Chociaż nikt nie jest teraz rzeczywiście wybawiony, to jednak Pismo Święte mówi o wierzących jako o zbawionych obecnie przez nadzieję; czyli że przez zaakceptowanie Boskich obietnic jako bezsprzecznie pewnych mogą oni uznawać siebie jako już zupełnie zbawionych; nie jako jedynie wzbudzonych ze śmierci, ale zbawionych od ostatnich pozostałości śmierci i grzechu – jako uczynionych doskonałymi. „W tej bowiem nadziei zbawieni jesteśmy; a nadzieja, którą się ogląda, nie jest nadzieją, bo jakże może ktoś spodziewać się tego, co widzi?” My nie widzimy jeszcze naszego zbawienia, tylko wiarą. „A jeśli spodziewamy się tego, czego nie widzimy, oczekujemy żarliwie, z cierpliwością” (Rzym. 8:24,25). Nasza nadzieja i wiara byłyby nadaremna, gdyby zbawienie nie oznaczało czegoś znacznie więcej niż to, czym cieszymy się obecnie.
Stwierdzenia apostoła, że Bóg „jest Zbawicielem wszystkich ludzi, zwłaszcza [teraz] wierzących” i że Bóg „chce, aby wszyscy ludzie byli zbawieni i doszli do poznania prawdy”, podobnie jak wiele innych wersetów, udowadniają nam, że wszyscy ludzie mają być przez Chrystusa zbawieni od zepsucia, nędzy i śmierci, jakie przyszły na wszystkich przez nieposłuszeństwo Adama. A jednak ukazują nam one dwie klasy zbawionych – całą ludzkość i Kościół. Choć wszyscy są zbawieni, jednak jest jedna klasa specjalnych zbawionych. Oznacza to, że na mocy specjalnego postanowienia niektórzy (wszyscy wierzący Wieku Ewangelii) są uznawani za zbawionych w okresie ich ubiegania się o nagrodę oferowaną w ciągu tego wieku. Jednak klasa ta nie będzie zbawiona bardziej niż inna; zarówno Kościół, jak i świat będą całkowicie wybawieni od grzechu Adamowego i od kary zań; i cały świat uświadomi to sobie w stosownym czasie, w restytucji do doskonałej ludzkiej natury, natomiast ci uznawani za zbawionych teraz, jakby już otrzymali doskonałe ludzkie życie, mają przywilej zrzec się tego nowego roszczenia i tytułu, składając to Bogu jako ofiarę, świętą i godną przyjęcia, kiedy ofiarowana jest w dopuszczonym czasie (Wieku Ewangelii). Będąc w ten sposób ofiarowani z Chrystusem, otrzymają oni przywilej stania się wraz z Nim uczestnikami nowej natury (2 Piotra 1:4). Oni dostaną chwałę, cześć i nieśmiertelność – boską naturę; natomiast ogólnie świat otrzyma chwałę, cześć i błogosławieństwa doskonałej ludzkiej natury, która jest obrazem Boga (1 Moj. 1:27). Poprzednia klasa, Kościół, to specjalnie zbawieni, surowo wyćwiczeni i wysoko podniesieni, żeby przez nich błogosławieństwa restytucji mogły spłynąć na świat, gdy nadejdzie właściwy u Boga czas.

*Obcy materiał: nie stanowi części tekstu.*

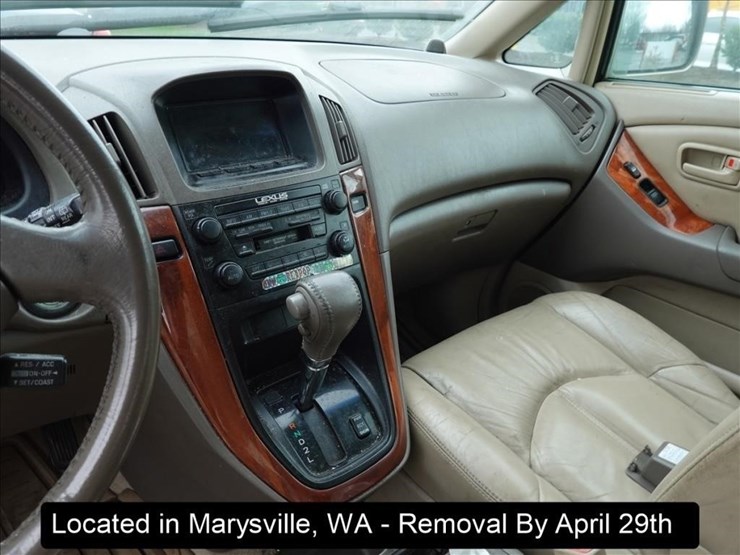 1999-lexus-rx300-image-6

Widzimy zatem, że chociaż pełne znaczenie słów naszego Pana nie zostało przez wielu zrozumiane i choć wielu wierzy, że nie potrafi On zbawić tego, co zginęło, jak obiecał, faktem jest, że jak dotąd ów plan nie dotarł jeszcze do krótkowzrocznych śmiertelników na tyle, by mogli go docenić i ogarnąć. Teraz widzimy, że pełne zrealizowanie się tej ukrytej w owych kilku słowach prawdy wymagało blisko trzech tysięcy lat. Podczas swojej pierwszej obecności Jezus dał siebie na okup, by zbawić wszystkich (1 Tym. 2:6); od tamtej pory w ciągu wieków rozwijał klasę, która w tym czasie naśladowała Go w ofiarowaniu się i która ma dzielić z Nim pracę zbawienia czy naprawienia wszystkich rzeczy; w ciągu nadchodzącego tysiąca lat dzieło zbawienia ludzi zostanie rzeczywiście ukończone. „Jeśli bowiem, będąc nieprzyjaciółmi, zostaliśmy pojednani z Bogiem przez śmierć Syna jego, tym bardziej, będąc pojednani, dostąpimy zbawienia przez życie Jego” – Rzym. 5:10.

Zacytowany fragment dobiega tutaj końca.